It's the old farts at Viacom vs. the youngins at YouTube. The old model of actually paying for content vs. the new notion that all content should be free. By filing its $1 billion lawsuit against the popular video site - owned by Google - the Viacom folks are basically saying, look we're hip, we're cool, but for crying out loud, we're in the business to make lots of money and you're taking our stuff without paying for it. For anyone over 40, it's a pretty reasonable position, except Melly Alazraki points out at Blogging Stocks that there's a generation out there "that have probably never bought a CD in their life, don't record TV shows or rented movies because they could get it all - for free - online." Which helps explain why Viacom is getting thrashed all over the Web - to the point where some folks are actually naive enough to be talking about a boycott (but wait a second, kids, if you're getting the stuff for free, what exactly are you boycotting?). A sampler, courtesy of CNET's TalkBack:
--The heavy-handed, narrow-minded approach employed by Viacom hinges on the incredibly small-minded assumption that every copy posted online of clips, trailers and excerpts hurts its sales. The snippets of entertainment we use to create our world, both on and offline are part of our personal identity and the shared values we have with those around us. There are real pirates and issues of real piracy which will not be affected by all this wasted time and effort so how about growing up a little and concentrating on those who actually infringe on a mass scale and crediting the people who actually give you the money you use with some judgement?
--They want a piece of the YouTube cake and they missed the boat. They only way they can compete against YouTube is putting their videos exclusively on their Web sites. I'm already boycotting Viacom because I'm not interested in anything that plays on MTV. BTW I started watching Colbert on TV because of YouTube.

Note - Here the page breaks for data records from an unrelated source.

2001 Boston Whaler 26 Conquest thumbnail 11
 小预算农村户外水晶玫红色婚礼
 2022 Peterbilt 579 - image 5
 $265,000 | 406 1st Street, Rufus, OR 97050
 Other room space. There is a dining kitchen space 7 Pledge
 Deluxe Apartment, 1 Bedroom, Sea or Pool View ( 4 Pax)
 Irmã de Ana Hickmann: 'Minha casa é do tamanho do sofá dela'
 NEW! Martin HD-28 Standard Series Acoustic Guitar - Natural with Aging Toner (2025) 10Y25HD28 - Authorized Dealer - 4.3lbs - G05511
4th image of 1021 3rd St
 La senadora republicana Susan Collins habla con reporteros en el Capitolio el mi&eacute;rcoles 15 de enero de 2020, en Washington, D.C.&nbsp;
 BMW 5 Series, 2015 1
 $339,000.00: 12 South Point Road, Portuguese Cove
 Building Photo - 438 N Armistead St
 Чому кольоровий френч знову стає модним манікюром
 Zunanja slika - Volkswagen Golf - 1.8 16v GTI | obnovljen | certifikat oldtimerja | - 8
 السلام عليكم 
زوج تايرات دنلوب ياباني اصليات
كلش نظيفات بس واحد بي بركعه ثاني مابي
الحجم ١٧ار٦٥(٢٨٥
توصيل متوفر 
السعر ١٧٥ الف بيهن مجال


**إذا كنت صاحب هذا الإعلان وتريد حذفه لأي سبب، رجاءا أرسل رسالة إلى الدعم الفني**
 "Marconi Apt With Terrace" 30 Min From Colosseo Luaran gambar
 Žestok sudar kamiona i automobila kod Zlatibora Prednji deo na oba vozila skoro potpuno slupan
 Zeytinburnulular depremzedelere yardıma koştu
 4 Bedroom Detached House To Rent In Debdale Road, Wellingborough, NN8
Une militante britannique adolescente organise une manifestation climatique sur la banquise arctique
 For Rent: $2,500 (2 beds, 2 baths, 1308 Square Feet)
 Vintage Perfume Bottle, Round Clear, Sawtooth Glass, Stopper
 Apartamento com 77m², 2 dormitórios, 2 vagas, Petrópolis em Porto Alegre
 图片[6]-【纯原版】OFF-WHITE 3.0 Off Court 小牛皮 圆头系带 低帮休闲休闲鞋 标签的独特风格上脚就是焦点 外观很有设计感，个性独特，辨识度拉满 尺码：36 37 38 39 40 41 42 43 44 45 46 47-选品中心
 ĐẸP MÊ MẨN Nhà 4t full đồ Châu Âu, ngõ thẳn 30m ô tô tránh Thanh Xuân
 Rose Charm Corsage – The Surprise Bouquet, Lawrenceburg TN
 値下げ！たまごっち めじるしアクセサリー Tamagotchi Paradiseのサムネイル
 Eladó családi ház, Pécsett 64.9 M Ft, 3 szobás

--Absolutely. If Viacom wants to play hard ball, lets kick 'em where it hurt's. Tell viacom to bugger off. Their shows will quickly follow the market and go to media companies who already have deals with youtube. WE RULE!!!
--Is Viacom the bad guy? Yes, of course - they're short-sighted fools to have taken this tack with Google. But is Google an even worse bad guy in this affair because of the methods in which they chose to abuse their users? Without question - we'd like to think that Google knows just a little bit about web content and protecting user rights.
--MTV is now owned by a bunch of suits called Viacom who spend a lot of money in market research figuring out what young people are doing these days, yet they're still clueless. Enter YouTube. It picks up what MTV abandoned years ago because market research said teens rather watch shows about bratty teens than video clips. Now Viacom's envy (sic) because they're not as cool as YouTube makes them (sic) retaliate. With something very uncool, like telling teens to take Viacom clips from YouTube.
None of this has much to do with censorship, per se. As Alazraki points out, Google and YouTube are constantly censoring - otherwise, the sites would be loaded with X-rated videos and snuff films. After all, they want a site that will attract advertisers, right? You know about advertisers - they're the same folks who help pay for all that content appearing on the Viacom channels. Uh-oh, I'm starting to sound like an old fart.